For metals, silver is employed because its electromagnetic response within NIR has the smallest imaginary part of relative permittivity, which is known to be less power-consumed than gold and aluminum [25]. Accordingly, we model its frequency-dependent complex relative permittivity by the Drude model $\epsilon (\omega )={\epsilon}_{\infty}-{\omega}_{p}/[\omega (\omega +i\gamma )]$, where ${\epsilon}_{\infty}=3.7$ is the dielectric constant at infinite angular frequency, ${\omega}_{p}=9.1$[eV] is the bulk plasma frequency, $\gamma =0.018$[eV] is the damping frequency of oscillations, and $\omega $ is the angular frequency of incident wave [10].

#### 2.3 Evaluation

To assess the sensing performance of a plasmonic RI sensor comprehensively, it is unpersuasive to focus only on the wavelength sensitivity (S) which is defined as $\Delta \lambda /\Delta n$ nanometer per refractive index unit (nm/RIU), another assessment factor namely figure of merit (FOM) should be considered which is defined as the ratio of S to FWHM (full width at half maximum of resonant peak) [26]. Noticeably, larger FOM manifests higher sensitivity and better resolution of a plasmonic RI sensor. In addition, higher transmittance signifies lower power consumption.

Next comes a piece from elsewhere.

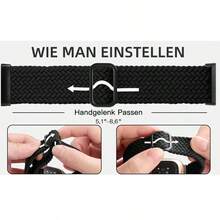 Elastic Magnetic Nylon Loop Soft Strap For Charge 6/Charge 5 Band,For Charge 6 5 Sport Smart Watch Stretchy Replacement Band Women Men - Charge 6/5 - View 4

## 3. Results and analysis

As shown in Fig. 3, the desired resonant peak profile of the transmission spectrum due to LSPRs are firstly obtained by optimizing coupling distance d and transmission efficiency T. The narrowed line-width and decreased peak value drops to 0.78 from 0.95 as d changes from 10nm to 30nm are shown in Fig. 3(a). Apparently, the transmittance reaches up to 95% when d = 10nm. This can be explained by the fact that light-matter interaction and power transfer (coupling strength) between waveguides and cavity become more sufficient as d increases, and hence the higher transmittance. However, the narrowest resonant peak with FWHM = 12nm (d = 30nm) is selected for better resolution. In Fig. 3(b), by filling the two MIM waveguides (wg1 and wg2) with air, silica and silicon, the resonant peaks with transmittance of 41%, 66% and 78% are obtained. It is noting that the three peaks are staggered for the sake of distinguishing each other more easily, because they are all corresponding to the first-order resonant mode which in the position of wavelength at 1498nm. The reason why transmission efficiency can reach to about 78% is wg1 and wg2 are filled with silicon while only the cavity is filled with the material under detecting. That is to say, different kinds of dielectric materials used in MIM waveguides are particularly important. The refractive index of air, silica and silicon adopted here are 1.0, 1.5 and 3.48, respectively [27].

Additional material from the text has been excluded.